Na hora de acertar o custo da viagem até Odemira, o taberneiro, que viu ali modos de ganhar o dia que a taberna não rendera, exigiu-nos 80$00 pelo frete. Era muito dinheiro!!! E lembrar-me eu que, anos antes, meu avô comprara os Algares, (uma herdade com muita cortiça), por "quarenta e oito mil réis e uma tigela de farinha de milho todos os anos".
Mas que havíamos de fazer? Lá subimos para aquela artimanha puxada por um cavalo lazarento e metemo-nos ao caminho. Mais duas ou três horas de solavancos conforme as covas da estrada mal construída e sem conservação, com buracos aumentados pelas chuvas do inverno que decorria.
Seriam umas dezanove horas, noite cerrada, quando chegámos a Odemira. Pelo caminho fomos discorrendo o que fazer quando chegássemos: -Vamo-nos apresentar ao Padre Borralho, disse eu. E ele que nos ajudasse a resolver o nosso problema que consistia em ir para São Teotónio, mais 15 quilómetros à frente.
Assim fizemos e em boa hora, porque o Prior, como bom pastor que era, deu guarida aos seus cordeirinhos, (ainda não éramos propriamente "ovelhas nem carneiros").
Dormimos na casa paroquial e, no dia seguinte, apanhámos a tal camioneta matreira do Abel Figueiredo Luis que ía até Lagos, passando por São Teotónio.
P.S. -Não sei o nome das pessoas que nos receberam naquele bendito monte da serra da garraza, naquela situação de grande precaridade e aflição, mas o engraçado é o que se segue:
Na década de setenta, portanto cerca de trinta anos mais tarde, uma "velhota" pedinte, (destino de muitas pessoas das zonas rurais quando atingiam a incapacidade para o trabalho duro), passou pelo monte de Pègões, onde nasci e agora era lavradora minha irmã mais velha e onde era habitual dar guarida a pessoas, homens e mulheres que vagueavam socorrendo-se da generosidade dos pequenos lavradores.
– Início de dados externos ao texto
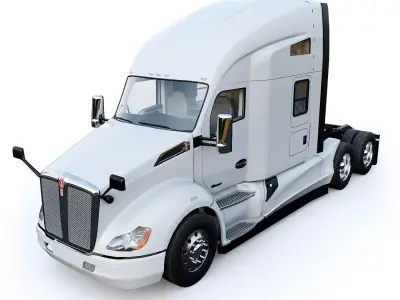Kenworth T680 with detailed interior Low-poly 3D model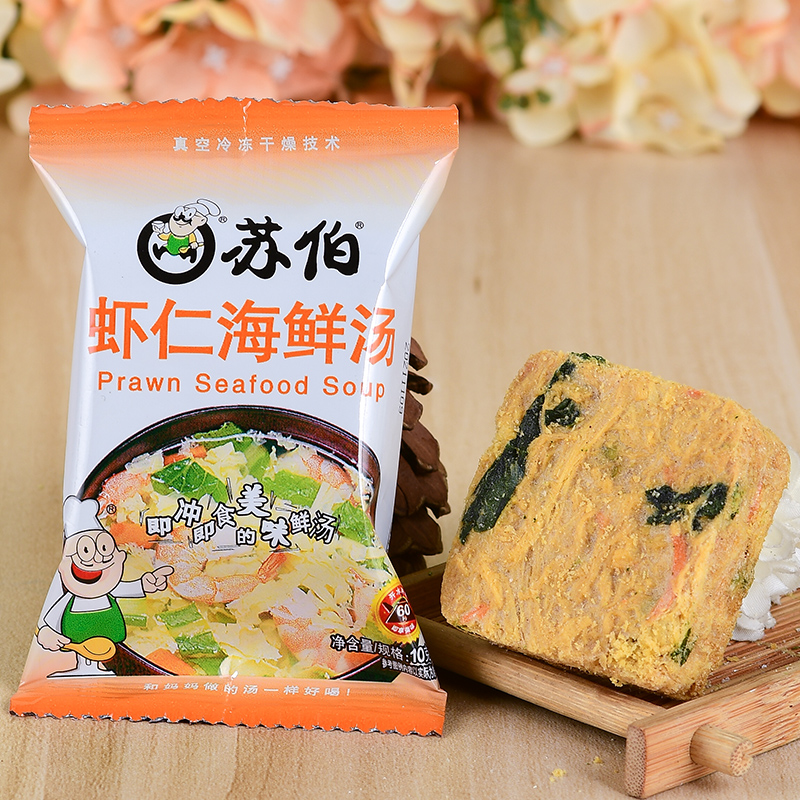 苏伯汤酸辣野菌芙蓉汤香菇虾仁海鲜秋葵豆腐速冲即食速溶鸡蛋汤包 - 图1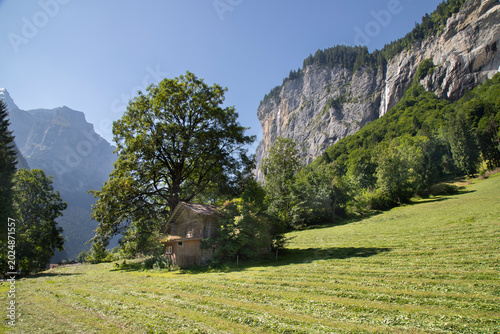 Lauterbrunnen valley swiss alps cabin mountain landscape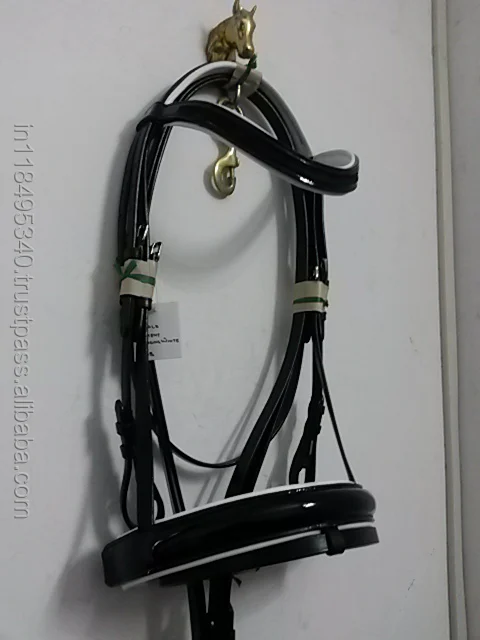HIGH QUALITY GENUINE LEATHER BRIDLE WITH EMPTY CHANNEL AT BROW BAND AND WHITE PADDED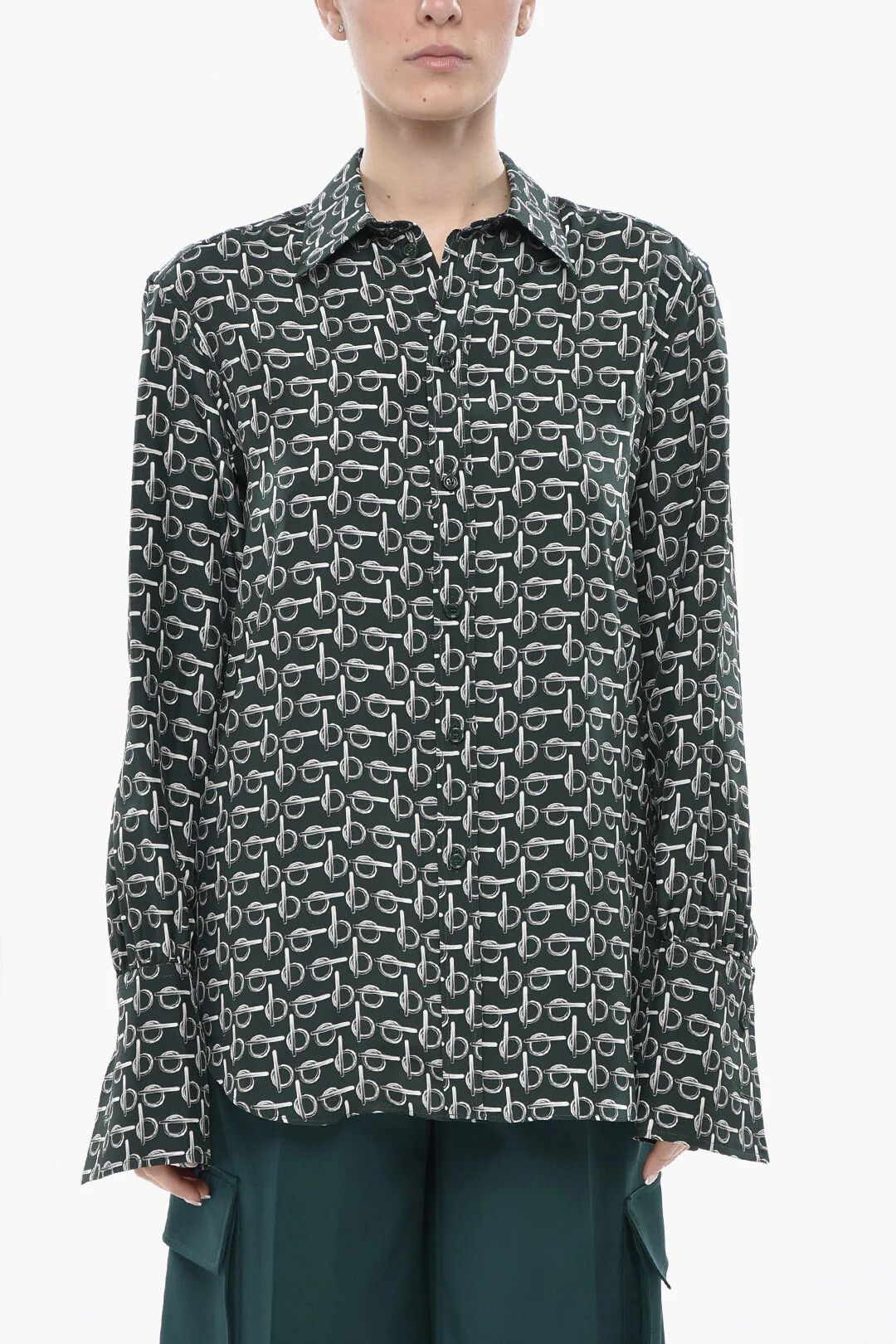 Burberry og1mm0426 Printed Silk Blouse in Green Size XS / US 0-2 / IT 36-38 - 1 Thumbnail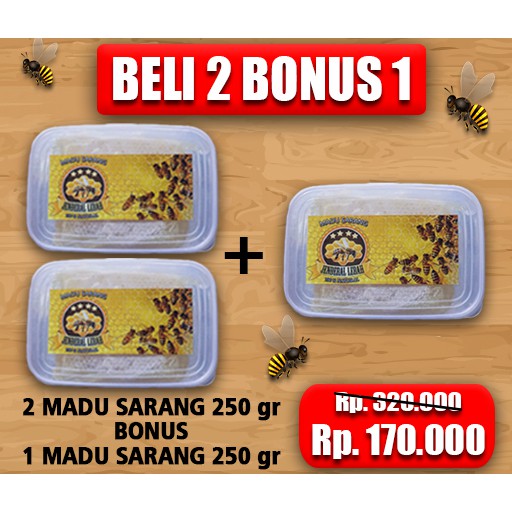 

Madu Sarang Jenderal Lebah 250gr 2+1/ Madu Murni/ Madu Sarang Lebah Asli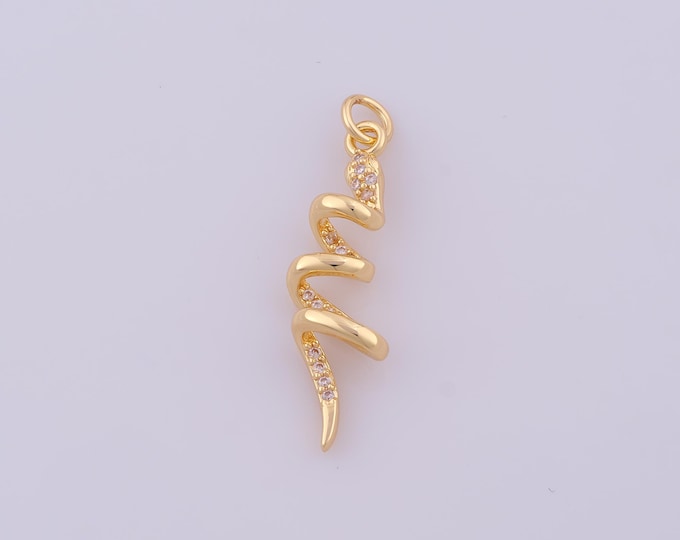 1 pcs Gold CZ Snake Pendant,18K Gold Filled Animal Charm,Snake Charms DIY Bracelet Necklace Jewelry Making Findings Supply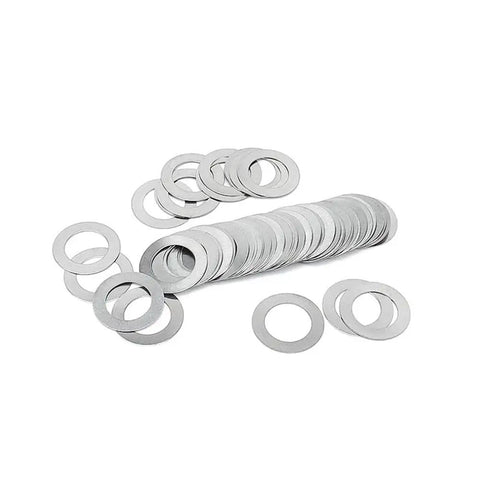 Five Hundred Count 304 Stainless Steel Ultra Thin Shim Washers Half Millimeter precision gaskets arranged in a pile.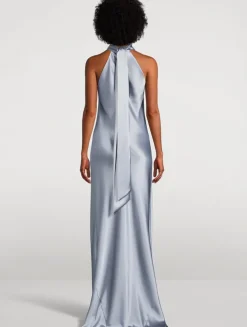 Sienna Satin Halter Gown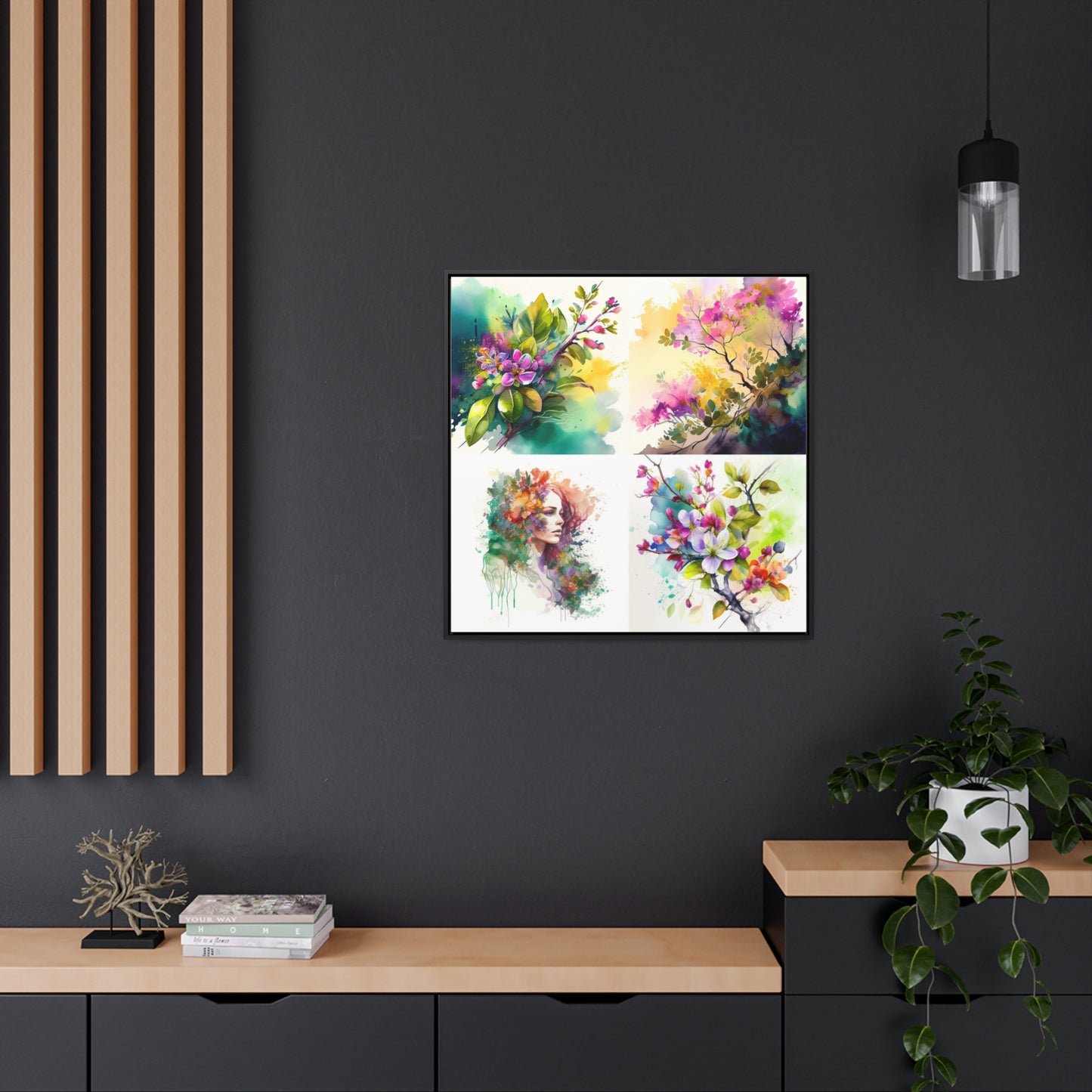 Gallery Canvas Wraps, Square Frame Mother Nature Bright Spring Colors Realistic Watercolor 5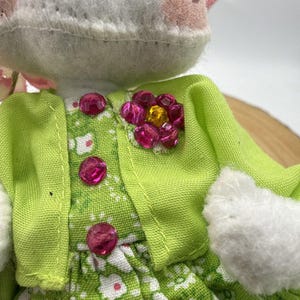 Vintage Annalee Spring Girl Mouse White Doll Green Dress Flowers & Bows 7 image 14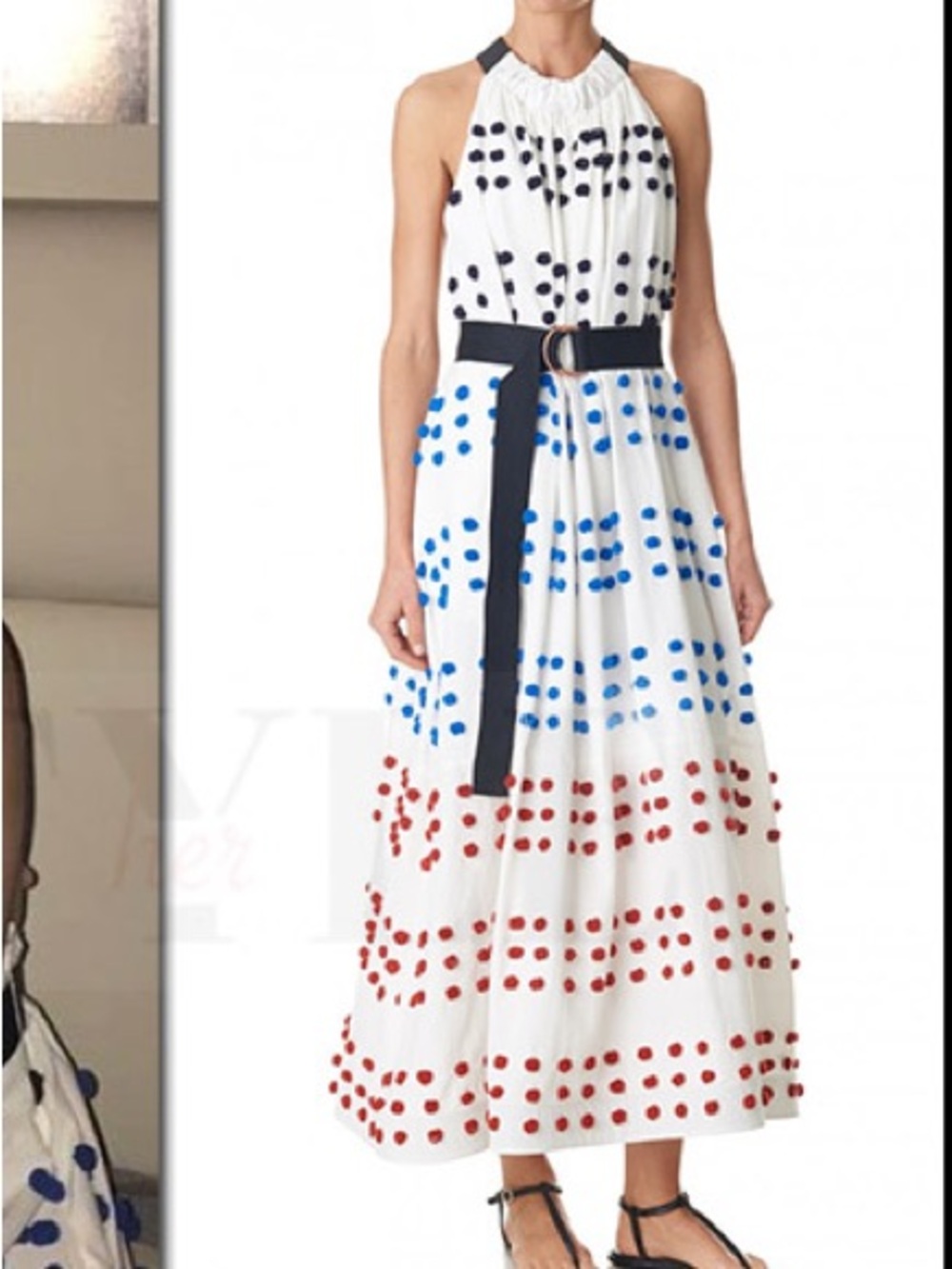 Tibi White Halter Maxi Dress with Red, Blue & Black Pom Detail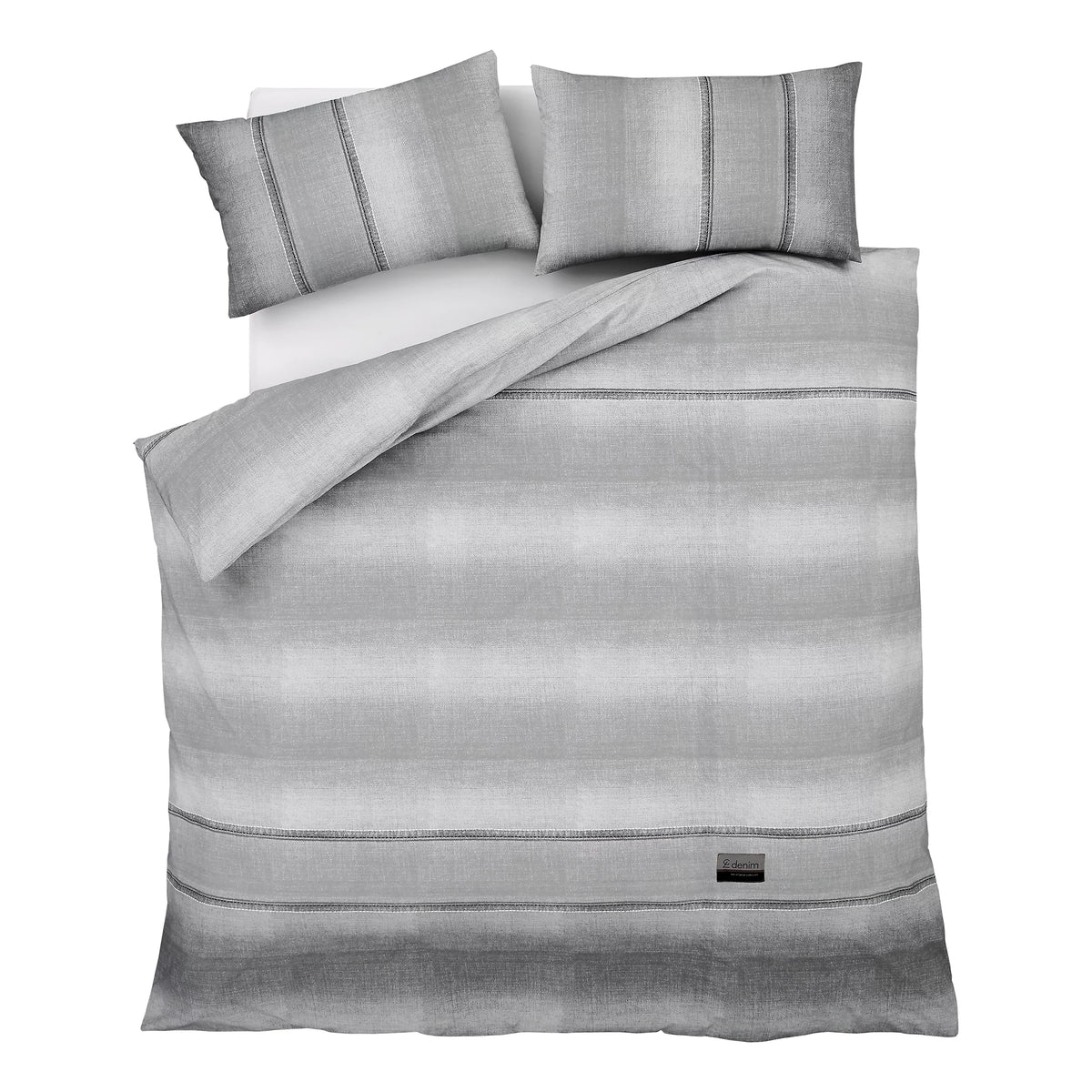 Catherine Lansfield Denim Duvet Cover Set Grey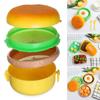 Round Cute Double Hamburger Insulated Lunch Box 304 Food Grade Student Children's Lunch Box Microwave Bento Box
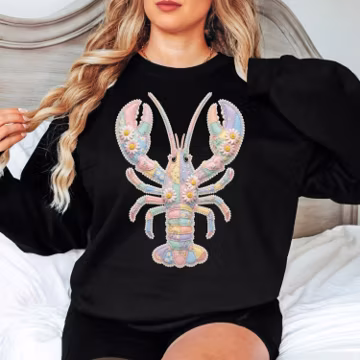 Pastel Lobster Sweatshirt, Coastal Grandma Aesthetic Shirt, Beach Summer Lobster Shirt, Ocean Lover Sweatshirt, Print Only — Not a Patch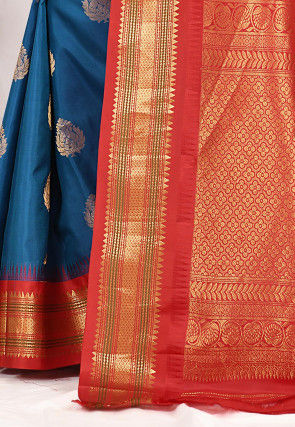 Gadwal Pure Silk Handloom Saree in Dark Blue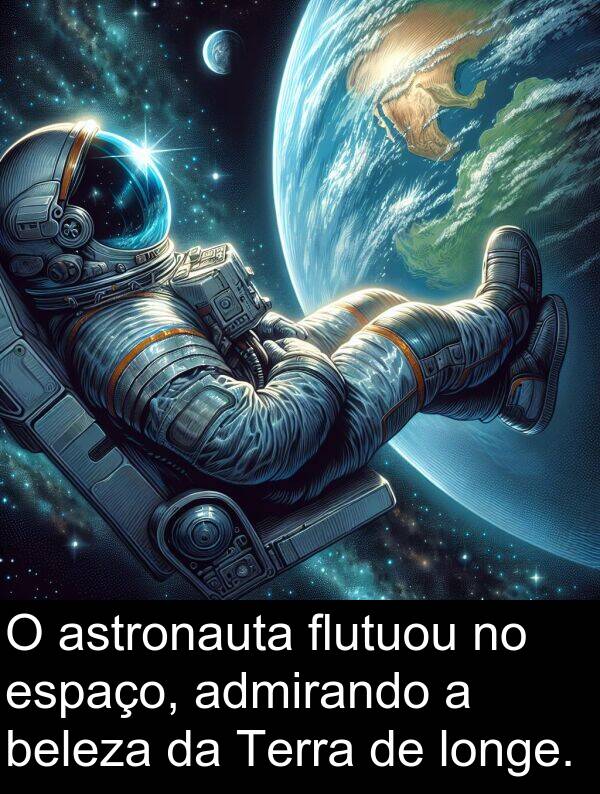 astronauta: O astronauta flutuou no espaço, admirando a beleza da Terra de longe.
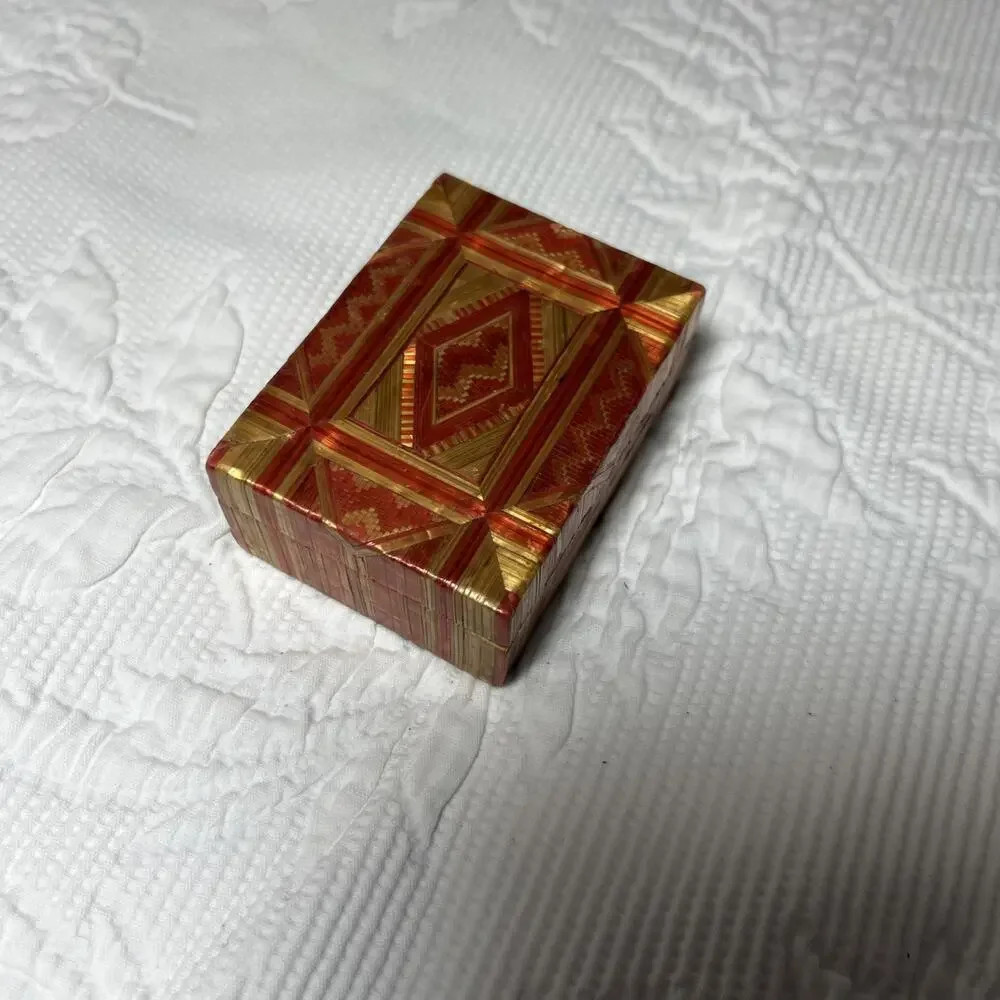Small Vintage Jewelry Box Western Aztec Indian Handmade Red Orange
Havia mesmo um casarão onde recolhiam os homens, que à noite recebiam uma refeição quente e as mulheres alojavam-se no monte com o pessoal da casa.
A tal velhota, na conversa de lareira, contou à minha irmã que há muitos anos tinha recebido no seu monte dois "mocinhos" de São Teotónio que chegaram lá todos molhados e vinham de Beja, onde estudavam, etc, contando toda a história da nossa permanência no seu monte.
Quando terminou a história, minha irmã revelou à velhinha que um desses "mocinhos" era seu irmão o que causou grande surpresa e alegria. Como o mundo é pequeno!!!